- **THE PROBLEM**: Below are the records. Reproduce exactly the lines from the one containing "Yealink Ruggedized DECT Handset" through the final line, and omit any pictures.

━━━━━━━━━━━━━━━━━━━━

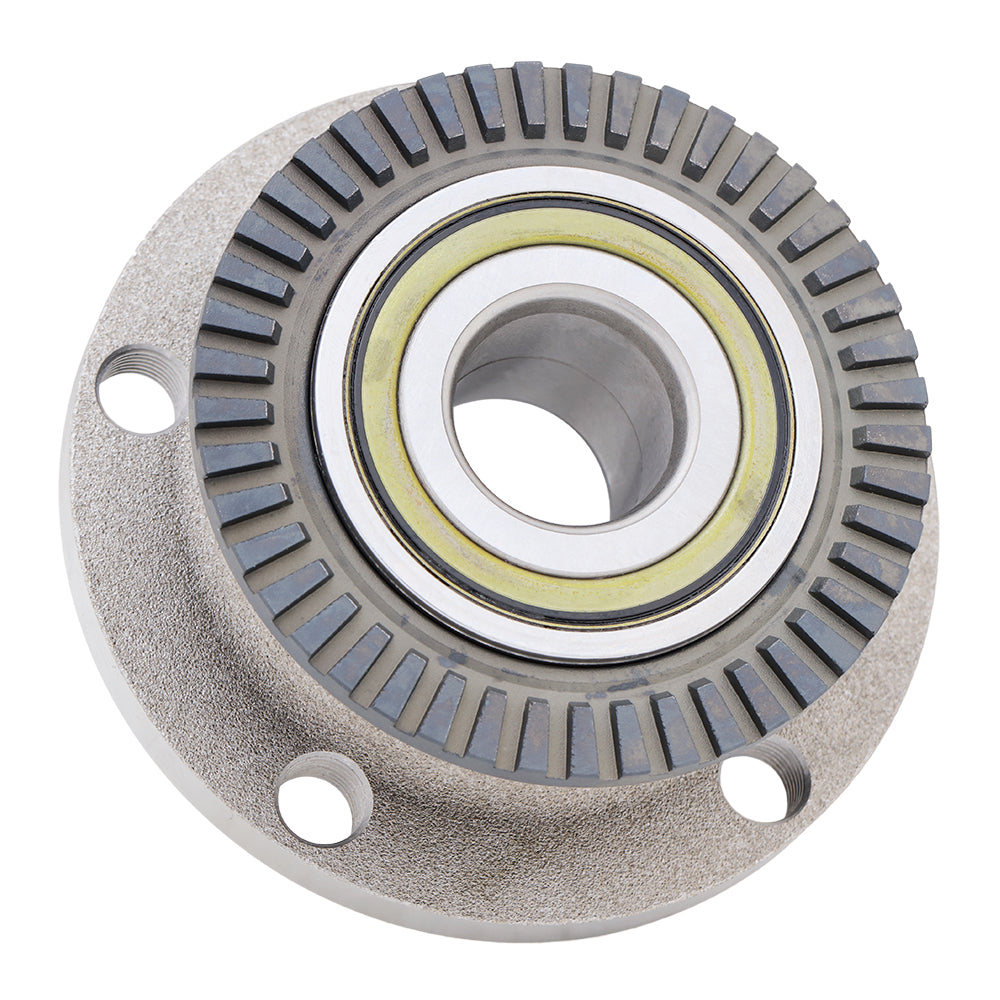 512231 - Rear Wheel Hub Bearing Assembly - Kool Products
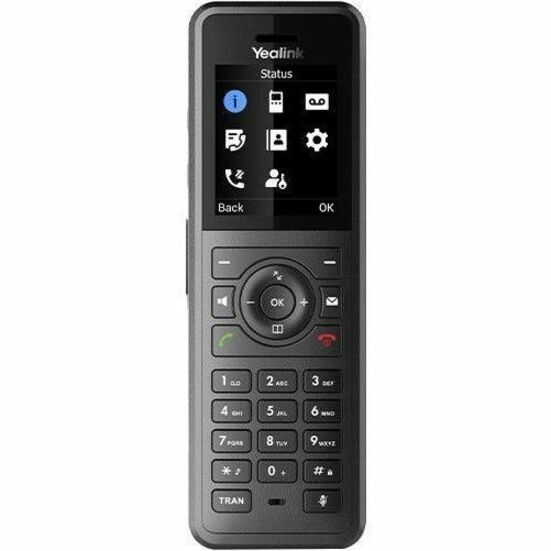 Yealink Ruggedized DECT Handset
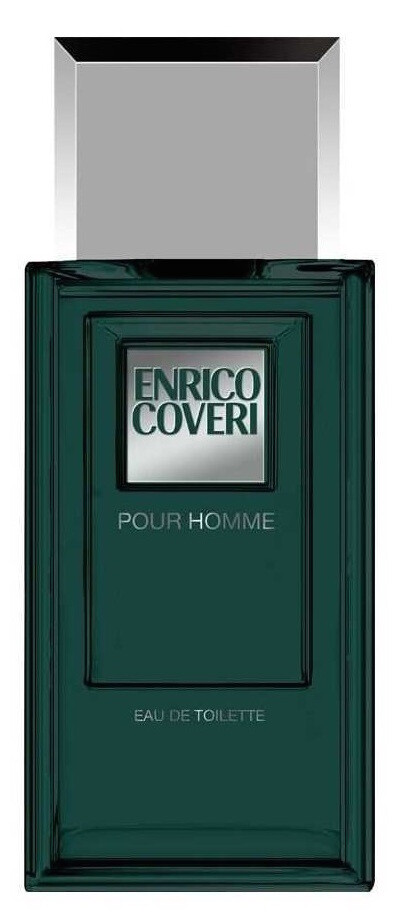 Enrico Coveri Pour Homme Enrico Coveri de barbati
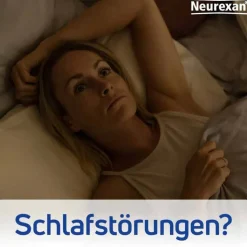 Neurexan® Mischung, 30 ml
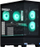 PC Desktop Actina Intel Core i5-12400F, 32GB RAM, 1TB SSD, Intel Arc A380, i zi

━━━━━━━━━━━━━━━━━━━━

- **SOLUTION TO THIS PROBLEM**:
 Yealink Ruggedized DECT Handset
 Enrico Coveri Pour Homme Enrico Coveri de barbati
 Neurexan® Mischung, 30 ml
 PC Desktop Actina Intel Core i5-12400F, 32GB RAM, 1TB SSD, Intel Arc A380, i zi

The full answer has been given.